Task item: Look below for the line containing "maglietta bambino -non" and the line containing "Bruciatore a butano", then set down both and every line between them exactly, without pictures.

(Beginning of Records)

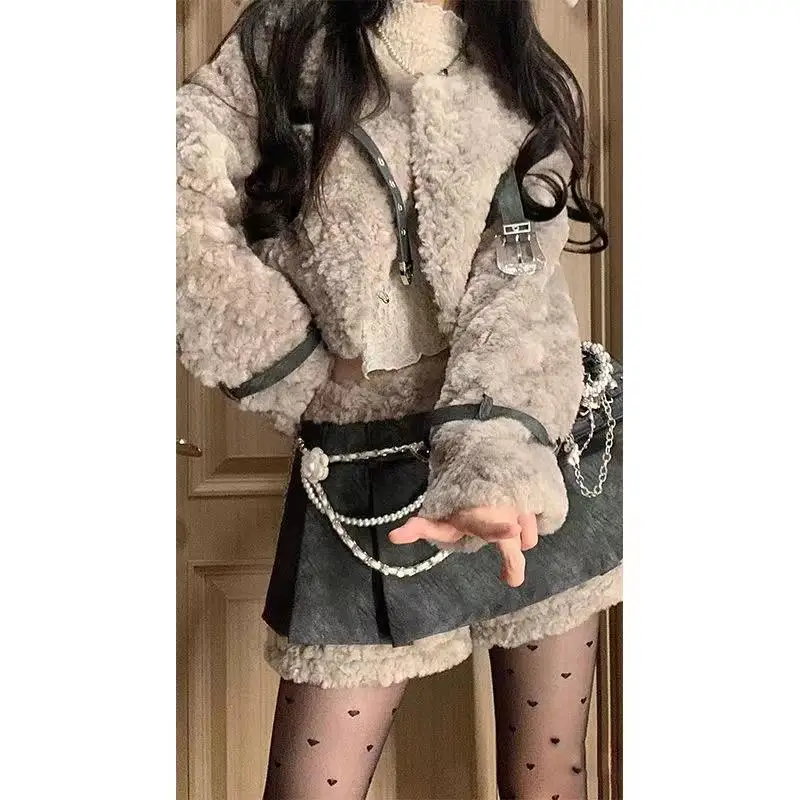 Hot Girls Winter 2pc Sets Retro Lamb Wool Long Sleeve Short Jacket Tops Patchwork A Line Mini Skirt Sets Y2k Style Outfits 2024
Hot Girls Winter 2pc Sets Retro Lamb Wool Long Sleeve Short Jacket Tops Patchwork A Line Mini Skirt Sets Y2k Style Outfits 2024
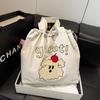 New trend drawstring tote bag lazy wind large capacity women's shoulder bag cartoon literary work commuter tote bag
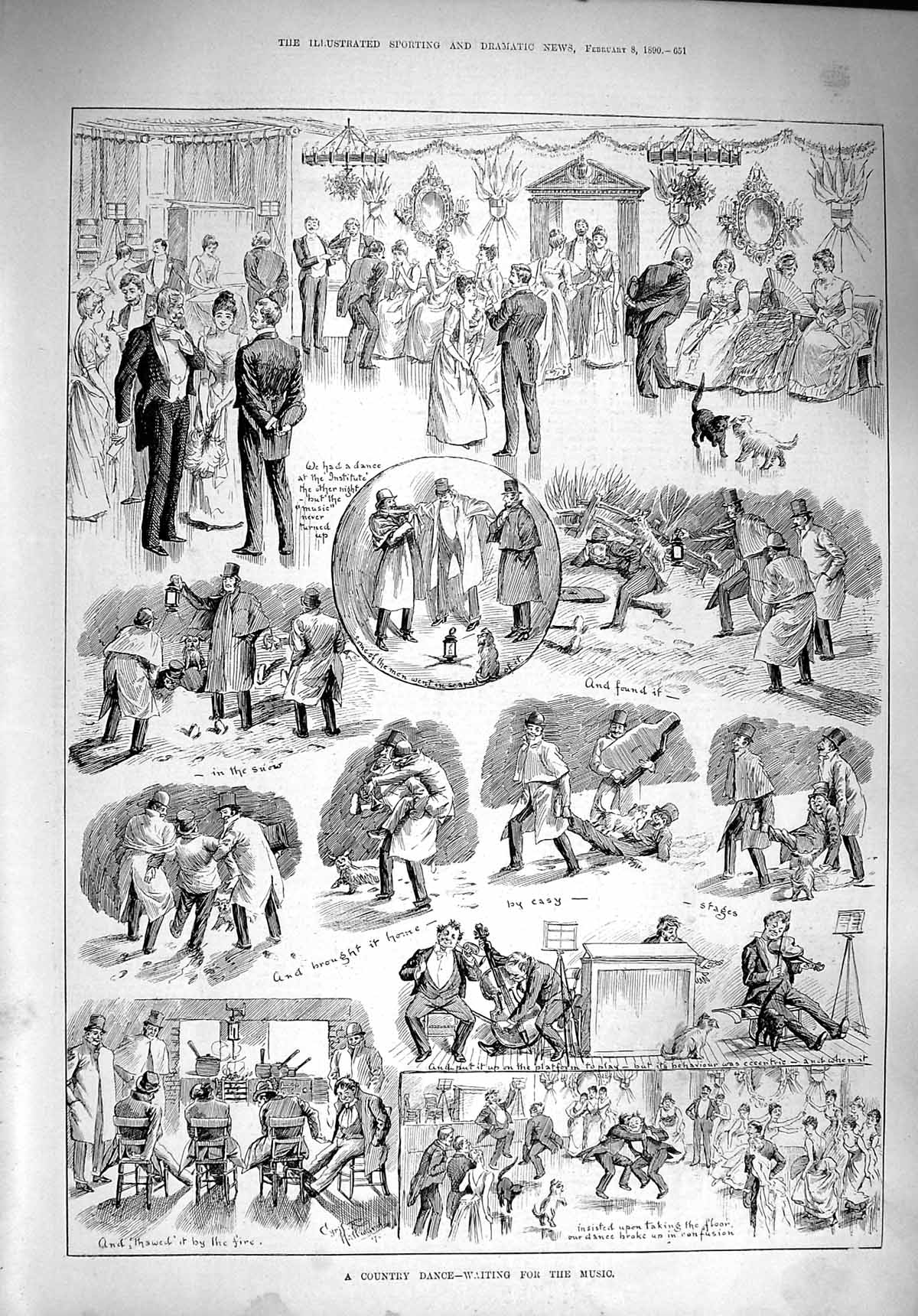 Original Old Antique Print 1890 Country Dance Waiting Music Romance Victorian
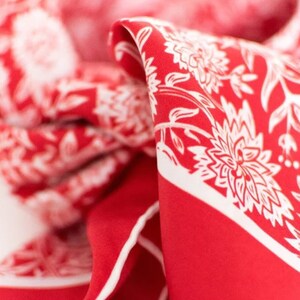 100% Silk Scarf, Designer Scarf, red floral scarf, Square Scarf, Women&#39;s Scarf, Silk neck scarf, Head scarf, Bag Accessory, Gift for her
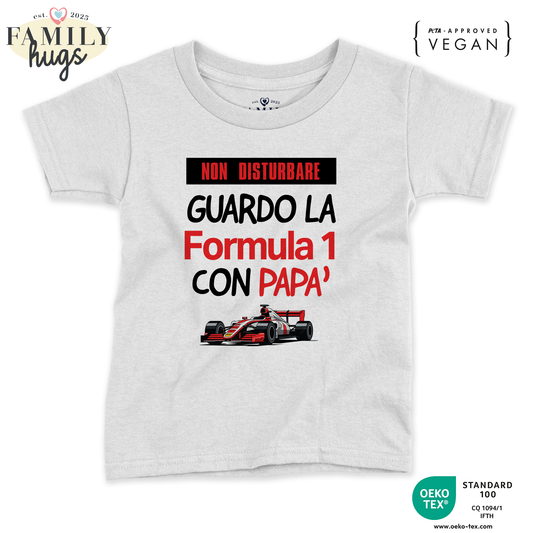 maglietta bambino -non disturbare guardo la formula 1 con papa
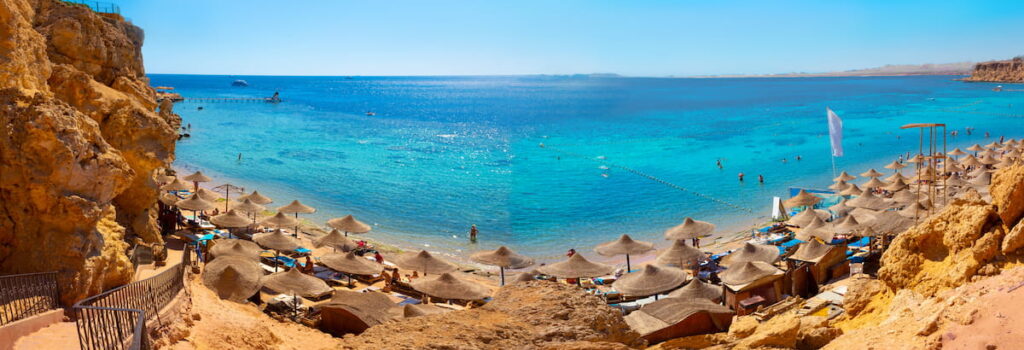 Reefs on Red sea El Fanar beach in Egypt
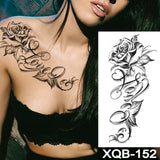 Popxstar Waterproof Temporary Tattoo Sticker snake flower rose Flash Tatoo sexy Arm Large Size Black Wrist Fake Tatto For Body Art Women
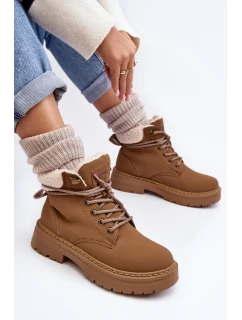 Dámské kožené boty s ovčí kůží, hnědá Lynnvia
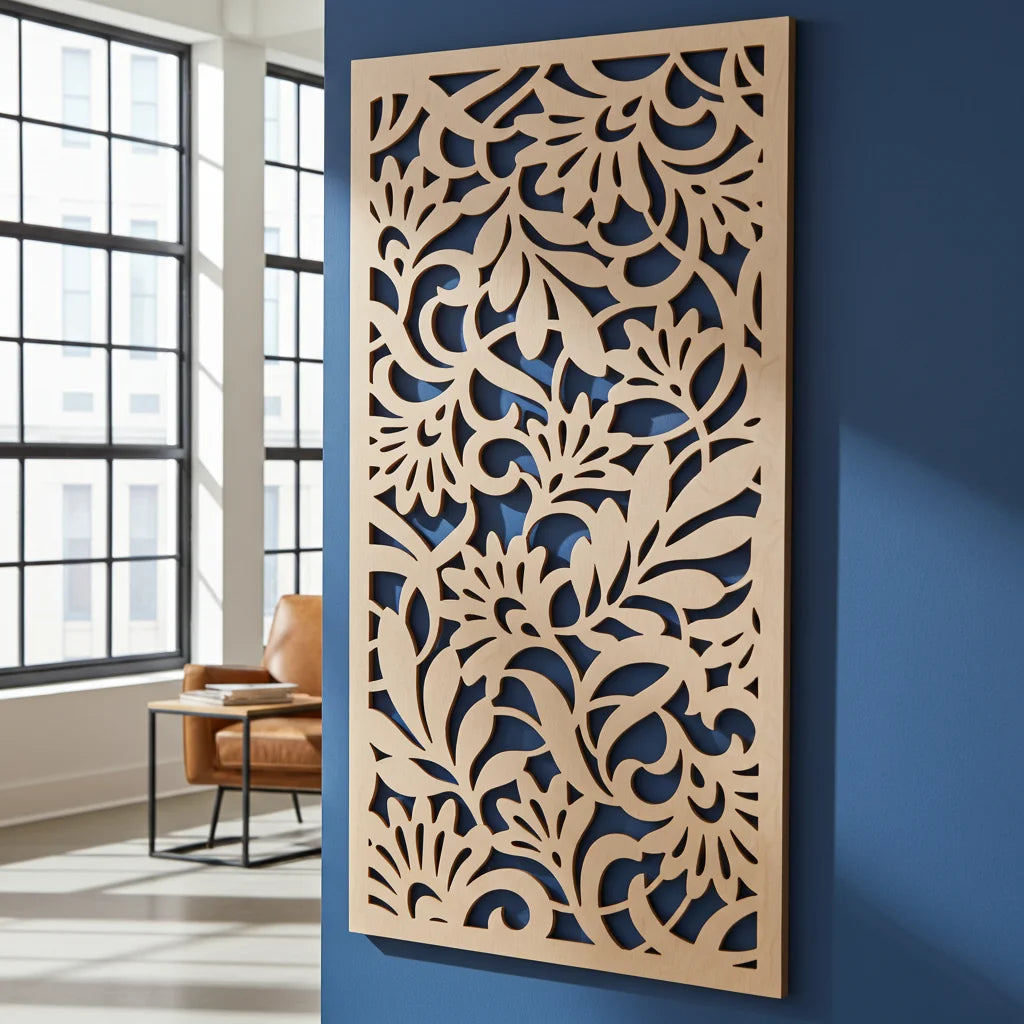 Panel decorativo geométrico modular instalado en pared moderna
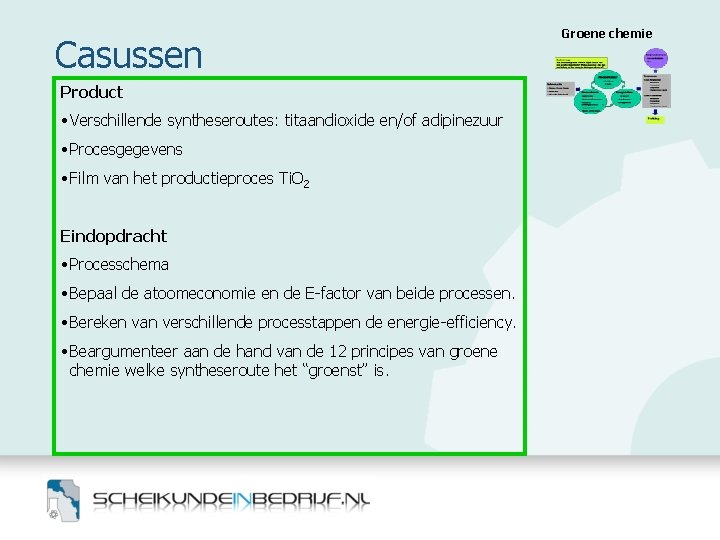 Casussen Product • Verschillende syntheseroutes: titaandioxide en/of adipinezuur • Procesgegevens • Film van het Casussen Product • Verschillende syntheseroutes: titaandioxide en/of adipinezuur • Procesgegevens • Film van het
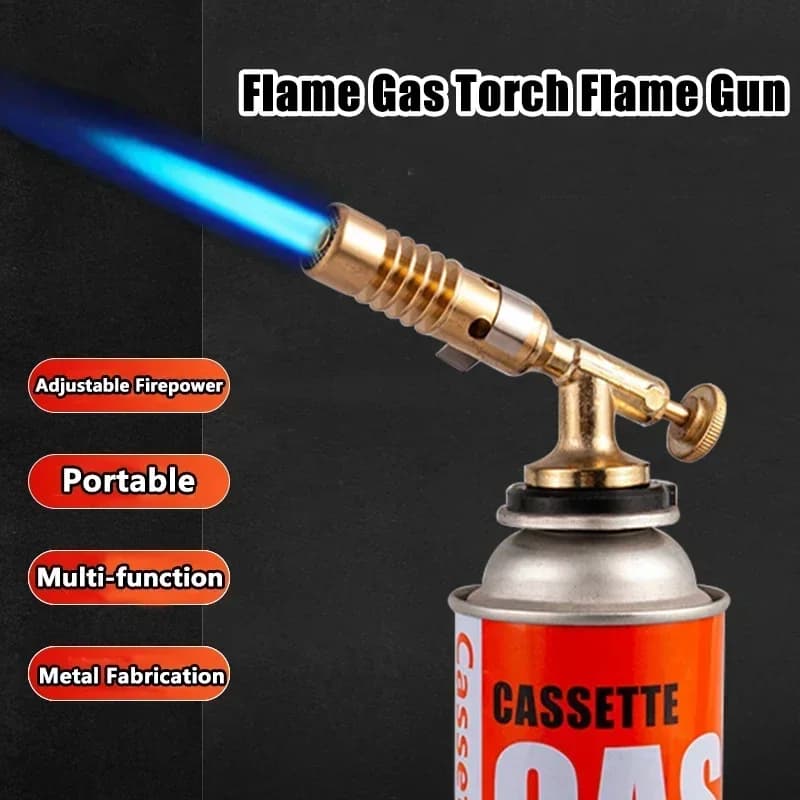 Bruciatore a butano con pistola a fiamma portatile Saldatura ad alta temperatura Accendino a gas Torcia da campeggio esterna BBQ Fiamma Torcia per saldatura a calore butano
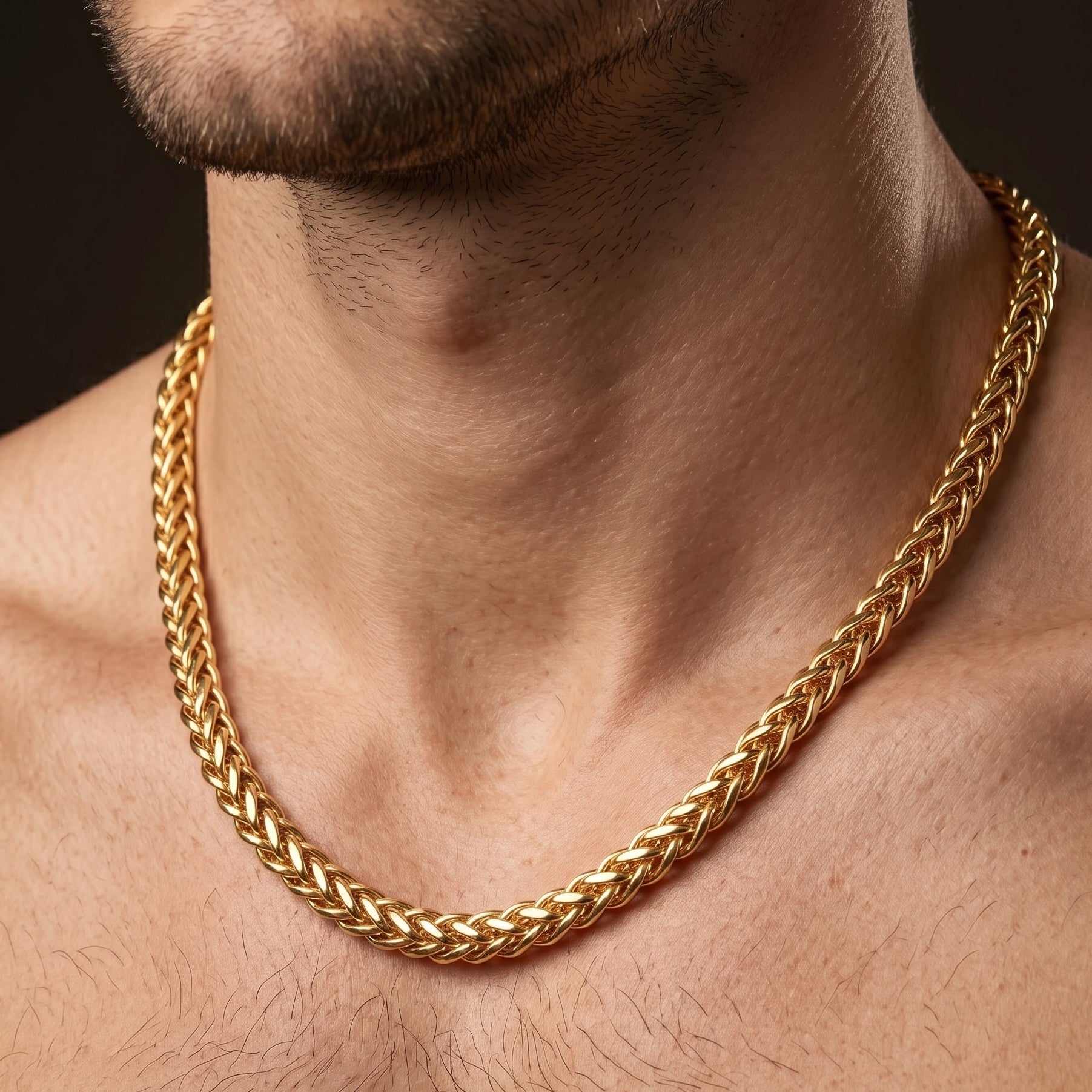 Premium Gold Braided Chain for Men – 22 inch Length and 5 mm width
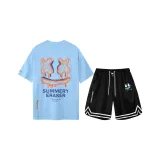 Blue Short-Sleeved Shirt+Black Shorts
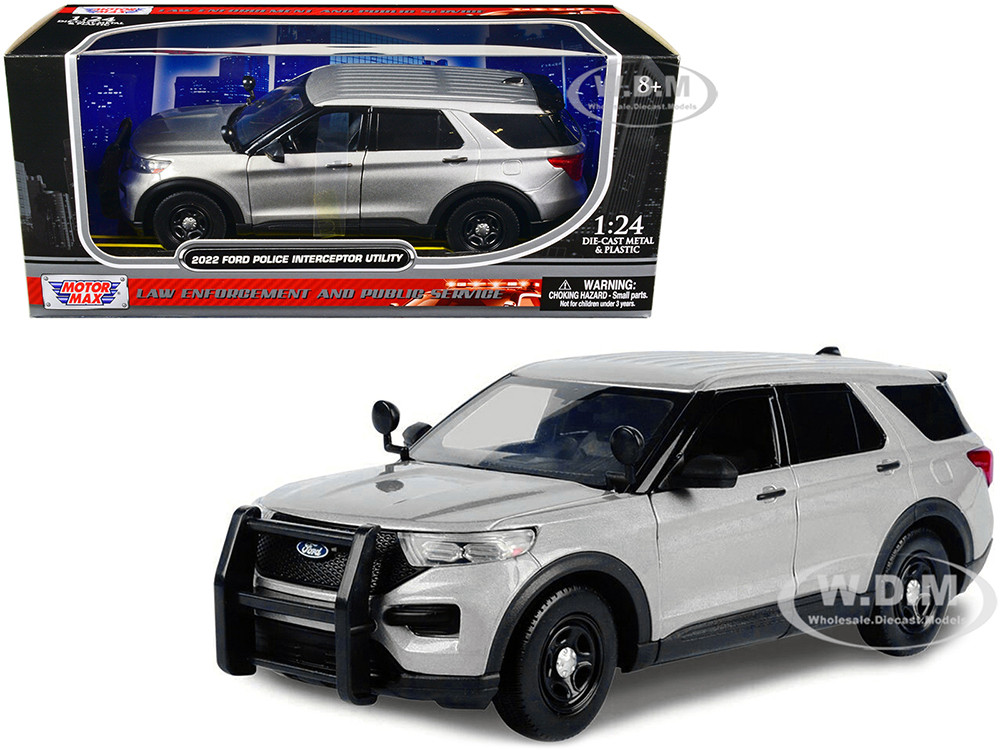 2022 Ford Police Interceptor Utility Unmarked Slick-Top Silver 1/24 Diecast Model Car by Motormax diecast model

(End of Records)

Result for this task:
 maglietta bambino -non disturbare guardo la formula 1 con papa
 Reefs on Red sea El Fanar beach in Egypt
 Popxstar Waterproof Temporary Tattoo Sticker snake flower rose Flash Tatoo sexy Arm Large Size Black Wrist Fake Tatto For Body Art Women
 Dámské kožené boty s ovčí kůží, hnědá Lynnvia
 Panel decorativo geométrico modular instalado en pared moderna
 Casussen Product • Verschillende syntheseroutes: titaandioxide en/of adipinezuur • Procesgegevens • Film van het Casussen Product • Verschillende syntheseroutes: titaandioxide en/of adipinezuur • Procesgegevens • Film van het
 Bruciatore a butano con pistola a fiamma portatile Saldatura ad alta temperatura Accendino a gas Torcia da campeggio esterna BBQ Fiamma Torcia per saldatura a calore butano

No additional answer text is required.